Fortalecimento do Executivo esvaziou Casas

As raras pesquisas feitas pelos cientistas sociais e as reportagens que volta e meia aparecem na imprensa convergem na descrição que fazem do trabalho das câmaras municipais. O Executivo tem o controle quase absoluto da “grande agenda”, restando aos vereadores, quase sempre, o lugar da “pequena política”: o trabalho de atendimento a segmentos específicos do eleitorado, as homenagens, as indicações ao Executivo, as leis de reduzido alcance. Claro que existem os vereadores dedicados às tarefas legislativas clássicas e à fiscalização do Executivo, mas eles são minoritários.

Quem tem dúvida a respeito do lugar da representação dos “pequenos interesses” no âmbito local basta aguardar o inicio do horário eleitoral gratuito. A cada eleição os candidatos parecem fazer apelos a clientelas mais específicas, se dispondo a representar interesses cada vez mais particulares. Aos tradicionais representantes de bairros e das corporações, se somaram os nomes ligado a todo tipo de ofício, de diferentes segmentos econômicos, esportivos e de identidade. É sintomático que raramente um candidato faça menção ao seu partido político durante o horário eleitoral.

Um trabalho cuidadoso pode nos ajudar a avaliar como as atribuições das Câmaras Municipais mudaram ao longo da história (é importante lembrar que, criadas ainda na Colônia, elas são as instituições mais antigas do sistema representativo brasileiro).
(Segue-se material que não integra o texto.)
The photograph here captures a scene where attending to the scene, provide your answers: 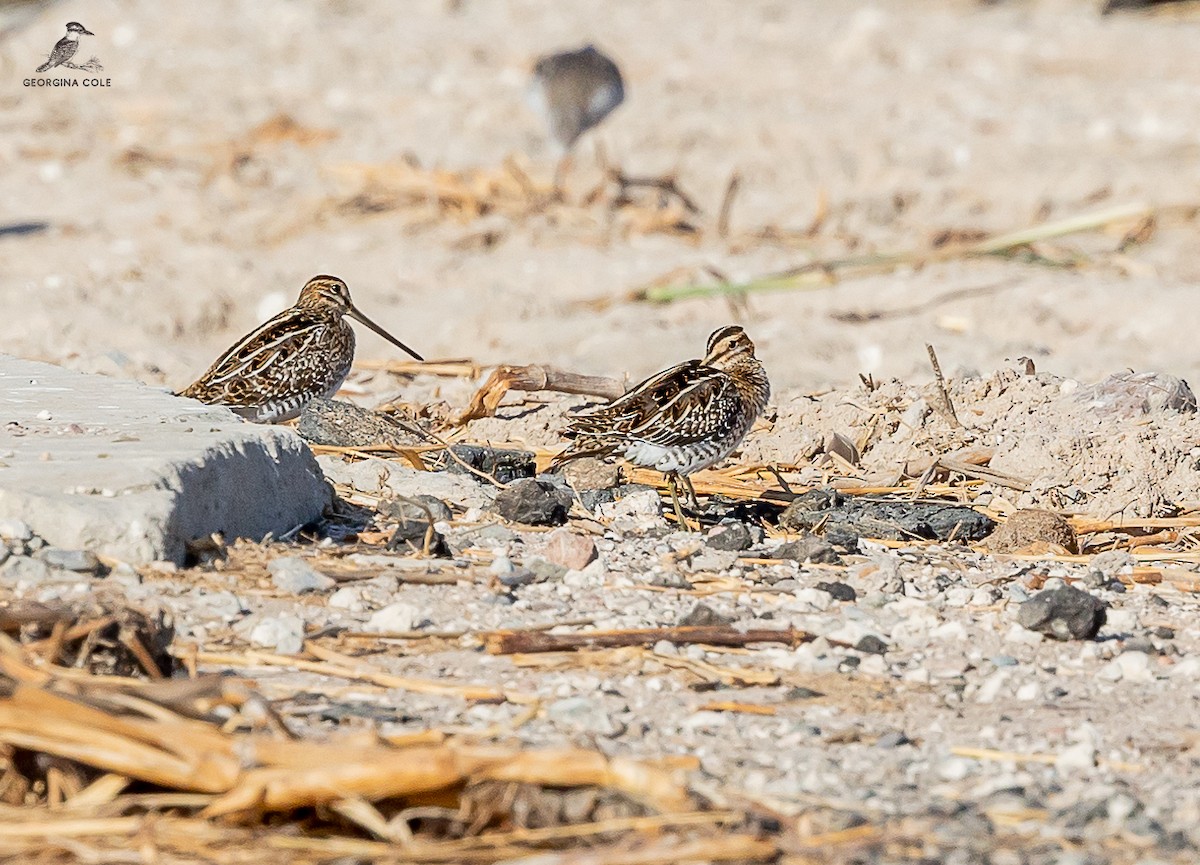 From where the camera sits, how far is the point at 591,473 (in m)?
6.97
Mas minha impressão é que o esvaziamento dos legislativos locais está associada ao quadro mais geral de fortalecimento do Executivo na política brasileira a partir de 1988. Particularmente nos municípios, este fortalecimento está associado ao lugar que as prefeituras passaram a desempenhar na implementação de políticas públicas na área de saúde, educação e assistência. Isso sem falar na dependência financeira que muitas delas passaram a ter em relação aos repasses de recursos federais.
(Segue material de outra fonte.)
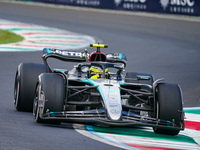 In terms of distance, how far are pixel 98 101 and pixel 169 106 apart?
111cm

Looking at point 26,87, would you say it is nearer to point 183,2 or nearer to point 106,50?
point 106,50

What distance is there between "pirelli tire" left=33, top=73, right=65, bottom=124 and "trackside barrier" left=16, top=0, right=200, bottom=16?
2207 centimetres

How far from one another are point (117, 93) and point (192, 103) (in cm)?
397

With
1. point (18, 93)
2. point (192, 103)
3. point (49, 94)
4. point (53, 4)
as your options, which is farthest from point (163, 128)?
point (53, 4)

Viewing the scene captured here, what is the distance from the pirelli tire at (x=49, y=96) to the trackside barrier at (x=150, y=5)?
22.1m

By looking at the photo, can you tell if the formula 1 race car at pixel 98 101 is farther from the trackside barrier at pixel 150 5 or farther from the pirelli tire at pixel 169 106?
the trackside barrier at pixel 150 5

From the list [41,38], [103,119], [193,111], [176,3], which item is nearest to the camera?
[103,119]

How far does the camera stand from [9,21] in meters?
29.6

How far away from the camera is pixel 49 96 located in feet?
30.3

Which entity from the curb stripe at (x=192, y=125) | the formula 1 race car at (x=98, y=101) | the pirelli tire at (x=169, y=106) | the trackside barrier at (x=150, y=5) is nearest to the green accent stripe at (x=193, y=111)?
the curb stripe at (x=192, y=125)

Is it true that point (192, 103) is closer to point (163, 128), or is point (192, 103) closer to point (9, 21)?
point (163, 128)

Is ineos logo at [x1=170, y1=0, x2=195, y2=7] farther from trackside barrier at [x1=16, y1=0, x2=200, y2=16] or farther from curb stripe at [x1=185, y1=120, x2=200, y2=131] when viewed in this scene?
curb stripe at [x1=185, y1=120, x2=200, y2=131]

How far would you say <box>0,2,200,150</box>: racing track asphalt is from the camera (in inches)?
329

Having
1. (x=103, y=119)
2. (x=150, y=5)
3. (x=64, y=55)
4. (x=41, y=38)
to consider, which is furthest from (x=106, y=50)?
(x=103, y=119) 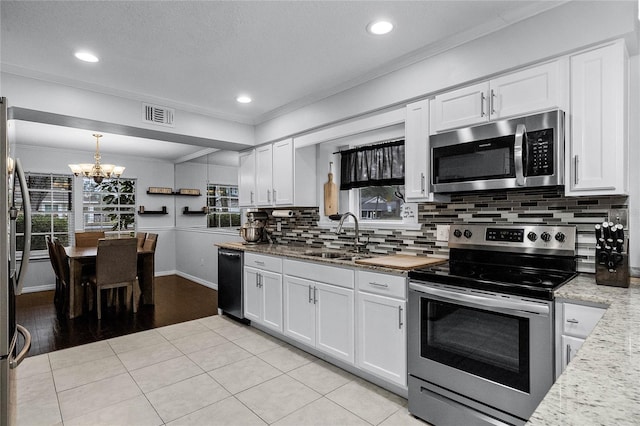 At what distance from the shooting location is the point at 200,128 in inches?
156

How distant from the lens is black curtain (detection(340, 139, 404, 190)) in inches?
127

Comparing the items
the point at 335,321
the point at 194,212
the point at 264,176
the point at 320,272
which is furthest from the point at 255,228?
the point at 194,212

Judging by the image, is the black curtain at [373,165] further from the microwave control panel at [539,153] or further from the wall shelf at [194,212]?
the wall shelf at [194,212]

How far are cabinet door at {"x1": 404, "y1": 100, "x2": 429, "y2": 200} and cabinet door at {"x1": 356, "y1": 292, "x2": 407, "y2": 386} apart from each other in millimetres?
822

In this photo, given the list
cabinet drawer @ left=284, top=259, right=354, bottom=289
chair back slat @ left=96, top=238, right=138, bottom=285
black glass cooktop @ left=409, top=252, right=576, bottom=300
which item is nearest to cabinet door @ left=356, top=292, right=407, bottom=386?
cabinet drawer @ left=284, top=259, right=354, bottom=289

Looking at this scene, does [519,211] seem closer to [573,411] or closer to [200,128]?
[573,411]

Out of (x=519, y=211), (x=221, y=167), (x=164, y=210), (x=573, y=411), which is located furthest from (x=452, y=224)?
(x=164, y=210)

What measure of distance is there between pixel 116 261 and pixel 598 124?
4.96m

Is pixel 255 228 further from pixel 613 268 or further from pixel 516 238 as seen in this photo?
pixel 613 268

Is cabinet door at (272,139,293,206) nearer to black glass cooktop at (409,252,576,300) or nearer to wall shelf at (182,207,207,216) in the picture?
black glass cooktop at (409,252,576,300)

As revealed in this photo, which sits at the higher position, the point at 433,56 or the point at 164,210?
the point at 433,56

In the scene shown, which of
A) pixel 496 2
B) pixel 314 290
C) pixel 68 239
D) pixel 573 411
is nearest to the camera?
pixel 573 411

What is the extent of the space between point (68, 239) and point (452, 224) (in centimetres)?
666

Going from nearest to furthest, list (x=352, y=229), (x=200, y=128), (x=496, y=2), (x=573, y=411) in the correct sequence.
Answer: (x=573, y=411) < (x=496, y=2) < (x=352, y=229) < (x=200, y=128) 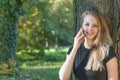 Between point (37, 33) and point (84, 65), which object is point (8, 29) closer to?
point (84, 65)

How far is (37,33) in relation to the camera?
2250 centimetres

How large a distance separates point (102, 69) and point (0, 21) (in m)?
7.81

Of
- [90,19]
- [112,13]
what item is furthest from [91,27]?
[112,13]

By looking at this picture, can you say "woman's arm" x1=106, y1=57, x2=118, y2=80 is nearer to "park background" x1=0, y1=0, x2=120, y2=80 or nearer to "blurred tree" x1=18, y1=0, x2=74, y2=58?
"park background" x1=0, y1=0, x2=120, y2=80

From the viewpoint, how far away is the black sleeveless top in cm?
470

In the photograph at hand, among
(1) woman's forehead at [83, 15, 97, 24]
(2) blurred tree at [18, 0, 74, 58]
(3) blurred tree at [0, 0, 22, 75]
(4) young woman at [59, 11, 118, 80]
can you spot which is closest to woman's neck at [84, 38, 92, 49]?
(4) young woman at [59, 11, 118, 80]

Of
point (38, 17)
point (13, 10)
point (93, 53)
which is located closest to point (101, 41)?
point (93, 53)

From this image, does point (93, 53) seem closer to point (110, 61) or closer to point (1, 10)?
point (110, 61)

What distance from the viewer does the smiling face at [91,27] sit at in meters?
4.72

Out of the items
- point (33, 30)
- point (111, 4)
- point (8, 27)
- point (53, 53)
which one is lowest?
point (53, 53)

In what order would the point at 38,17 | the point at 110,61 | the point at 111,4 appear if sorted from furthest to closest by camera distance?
the point at 38,17, the point at 111,4, the point at 110,61

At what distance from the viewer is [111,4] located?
5.18 metres

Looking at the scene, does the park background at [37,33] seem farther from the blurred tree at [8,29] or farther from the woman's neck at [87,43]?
the woman's neck at [87,43]

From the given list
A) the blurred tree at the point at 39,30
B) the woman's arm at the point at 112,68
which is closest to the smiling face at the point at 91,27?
the woman's arm at the point at 112,68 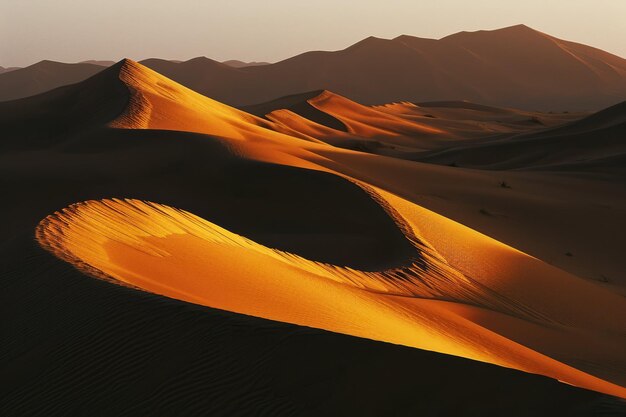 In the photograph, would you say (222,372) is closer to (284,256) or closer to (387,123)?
(284,256)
Neste quadro de lento esvaziamento dos legislativos municipais, dois fatos chamam à atenção. O primeiro foi a aprovação, em 2009, de uma Emenda Constitucional que estabeleceu o número máximo de vereadores, segundo às população de cada cidade. Os legisladores se esmeraram e criaram 24 faixas diferente. Para cada uma delas foi definido um número máximo de vereadores; as cidades abaixo de 15 mil habitantes, por exemplo, podem ter no máximo nove vereadores. Cabe à Câmara Municipal definir o número de vereadores que a cidade terá. Não consegui obter os dados oficiais com o total de postos criados, mas de acordo com um levantamento preliminar feito no começo de julho, o número de novos vereadores chegava à 5.070. Claro que os impactos fiscais desta ampliação demorarão ainda mais para serem conhecidos.
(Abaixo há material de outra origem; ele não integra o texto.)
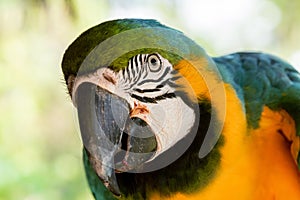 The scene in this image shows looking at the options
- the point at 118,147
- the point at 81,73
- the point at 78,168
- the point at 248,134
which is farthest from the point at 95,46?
the point at 78,168

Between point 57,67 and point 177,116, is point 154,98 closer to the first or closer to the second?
point 177,116

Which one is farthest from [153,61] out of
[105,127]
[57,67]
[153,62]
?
[57,67]

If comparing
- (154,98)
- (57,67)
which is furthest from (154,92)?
(57,67)

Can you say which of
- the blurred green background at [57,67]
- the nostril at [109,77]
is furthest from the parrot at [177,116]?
the blurred green background at [57,67]

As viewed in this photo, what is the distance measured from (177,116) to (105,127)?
0.42 feet

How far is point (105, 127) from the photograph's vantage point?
88 centimetres

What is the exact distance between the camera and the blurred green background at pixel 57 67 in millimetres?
1743

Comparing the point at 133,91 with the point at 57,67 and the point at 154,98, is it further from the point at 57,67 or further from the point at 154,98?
the point at 57,67

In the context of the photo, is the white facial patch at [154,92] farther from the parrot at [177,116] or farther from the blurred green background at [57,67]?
the blurred green background at [57,67]

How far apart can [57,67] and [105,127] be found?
2.98 feet

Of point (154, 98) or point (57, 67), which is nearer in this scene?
point (154, 98)

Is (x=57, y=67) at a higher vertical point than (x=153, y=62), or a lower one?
lower

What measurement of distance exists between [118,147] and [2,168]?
933mm

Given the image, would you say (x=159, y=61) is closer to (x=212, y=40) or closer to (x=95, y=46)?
(x=95, y=46) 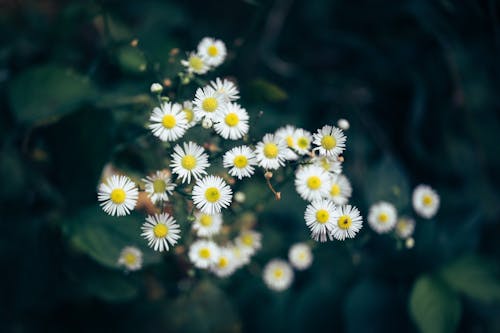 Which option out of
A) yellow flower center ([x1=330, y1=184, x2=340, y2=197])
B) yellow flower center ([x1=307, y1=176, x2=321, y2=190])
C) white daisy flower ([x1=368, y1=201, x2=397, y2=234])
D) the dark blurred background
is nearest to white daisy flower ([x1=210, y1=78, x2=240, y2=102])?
the dark blurred background

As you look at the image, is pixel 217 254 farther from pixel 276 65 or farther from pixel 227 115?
pixel 276 65

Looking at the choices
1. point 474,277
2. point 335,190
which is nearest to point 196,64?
point 335,190

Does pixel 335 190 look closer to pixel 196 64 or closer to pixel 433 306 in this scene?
pixel 196 64

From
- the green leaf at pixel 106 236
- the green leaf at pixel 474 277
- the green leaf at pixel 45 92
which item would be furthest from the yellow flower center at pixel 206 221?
the green leaf at pixel 474 277

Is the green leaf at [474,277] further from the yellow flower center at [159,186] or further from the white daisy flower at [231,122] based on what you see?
the yellow flower center at [159,186]

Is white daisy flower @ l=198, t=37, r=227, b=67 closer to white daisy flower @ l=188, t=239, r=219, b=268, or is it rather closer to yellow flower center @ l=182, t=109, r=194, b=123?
yellow flower center @ l=182, t=109, r=194, b=123

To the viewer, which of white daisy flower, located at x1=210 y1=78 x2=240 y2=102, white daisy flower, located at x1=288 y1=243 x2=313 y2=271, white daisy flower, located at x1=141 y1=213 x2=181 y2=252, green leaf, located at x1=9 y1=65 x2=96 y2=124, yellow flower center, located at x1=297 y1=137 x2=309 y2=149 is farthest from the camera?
white daisy flower, located at x1=288 y1=243 x2=313 y2=271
Chama a atenção ainda o fato de as Câmaras Municipais praticamente não terem sido mencionadas nas intermináveis discussões sobre reforma política feitas ao longo da última década e meia no país. As diversas propostas de adoção de um novo sistema eleitoral, por exemplo, se concentraram exclusivamente na eleição de deputados federais. E sempre seguindo a premissa, ao meu ver, equivocada, de que o mesmo sistema eleitoral utilizado nas eleições para representantes nacionais deve ser replicado nos estados e municípios. Por que mesmo?

Não tenho nenhuma ilusão com relação a possibilidade de que se volte a falar de reforma do sistema eleitoral nos próximos anos. Mas apesar desta descrença, creio que é fundamental uma profunda discussão sobre os legislativos municipais. Entre os temas que merecem uma discussão aprofundada estão: a introdução de um novo sistema eleitoral (por exemplo, um sistema majoritário-distrital nos pequenos municípios e um sistema que combinasse distritos e representação proporcional nas maiores cidades); a simplificação do sistema bizantino para definição do número de vereadores de cada cidade (com suspensão da prerrogativa de as próprias Câmaras definirem o número de vereadores da cidade); a associação permanente (e explícita) entre os subsídios recebidos pelos vereadores e o tamanho da Câmara Municipal.

Jairo Nicolau é professor de ciência política da UFRJ, autor de “Eleições no Brasil: do Império aos dias atuais” (Zahar, no prelo) e colunista convidado do “Valor”. Humberto Saccomandi volta a escrever em setembro.